Tysiące Serbów protestuje w Kosowskiej Mitrowicy przeciwko aresztowaniu swojego rodaka, podejrzanego o napaść na albańskiego sąsiada. Demonstranci zablokowali wszystkie drogi wiodące do serbskiej części miasta.

W stronę francuskich oddziałów pokojowych, pilnujących porządku w Kosowskiej Mitrowicy rzucane są kamienie i butelki z benzyną. Potężny tłum otacza też miejscowy budynek sądu, żądając uwolnienia zatrzymanego. Żołnierze obawiają się, że w nocy zamieszki mogą rozprzestrzenić się na dzielnice albańskie.

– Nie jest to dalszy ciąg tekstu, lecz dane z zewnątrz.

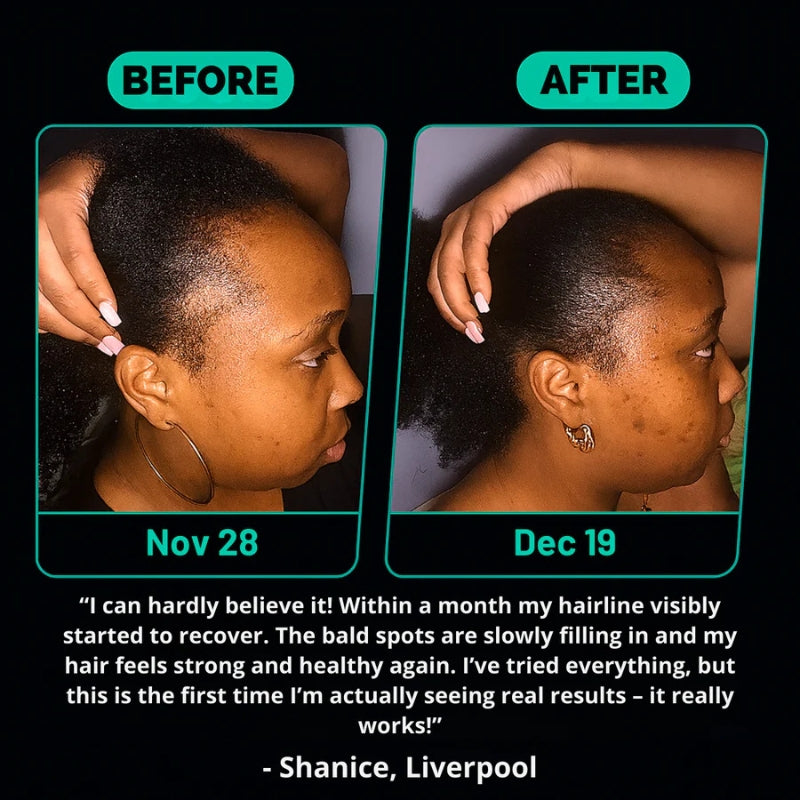 Batana Oil – Naturally Stronger, Shinier, Thicker Hair (Copy)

Przywódca miejscowych Serbów Oliver Ivanović twierdzi, że oddziały Narodów Zjednoczonych faworyzują Albańczyków. "W ostatnich miesiącach w zamieszkach etnicznych w mieście rannych zostało ponad sto osób, a do więienia nie trafił Albańczyk" - powiedział Ivanović.

Przebywający w Kosowie Sekretarz Generalny NATO George Robertson apeluje do Serbów, by zamiast dążyć do konfrontacji z siłami pokojowymi, zaczęli z nimi współpracować.